News for version 0.9.2

The new version of the Profiler is out with the following news:

removed virtual memory constraint: large files are now supported
added decompression bomb detection
added media preview for image files
added preview for several PE resources
added text preview for Office Word Documents
added format selection to open file dialog
display format choose dialog when more than one format has been detected
added XFA interactive forms detection inside PDFs
added from/to hex and base64 filters
automatically detect files in Zip archives missing a Central Directory
increased PySide integration
– fixed Office VBA extraction bug
– fixed bug in PDF V4 and V5 Revision encryption

Format detection & selection

To better help with the identification of files which can be interpreted as different formats, the individual file dialog features now some additions.

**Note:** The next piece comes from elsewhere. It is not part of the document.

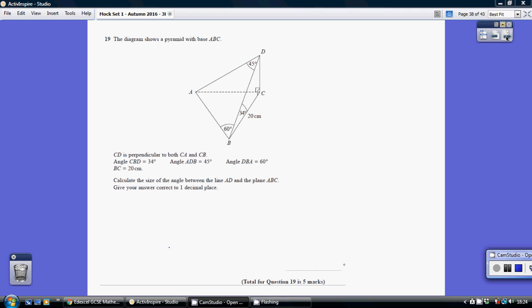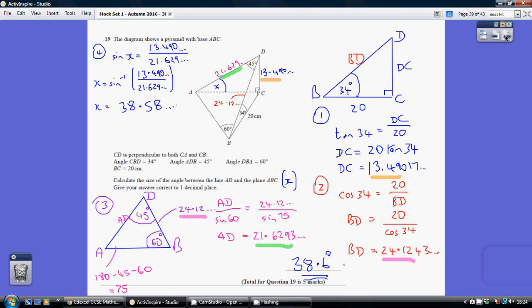Question 19. We've got to calculate the size of the angle between the line AD and the plane ABC. We're going to be looking at the two-dimensional triangle ADC and trying to work out angle DAC, what I'm calling X. So our goal is to work out this angle here.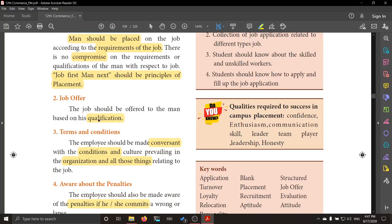The second principle relates to the job offer. When offering the job, the candidate must be qualified for it. His standards, qualifications, ability, and skill — all these are assessed, and based on that, he is selected and the job is offered to him.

As you can see the identified formats for the currently selected file are listed (it’s a simple GIF file with a PDF appended at the end). The dialog gives the user also the ability to manually choose the format to use for loading the file. While all this could be achieved even before, it wasn’t as handy as it is now.

However, it wouldn’t make sense to display the file selection dialog when the user uses the shell integration or drops a file to open it. So, instead the Profiler displays a choice dialog for the format in case multiple formats are detected.

Conversion filters

Some new filters are available: from/to hex/base64.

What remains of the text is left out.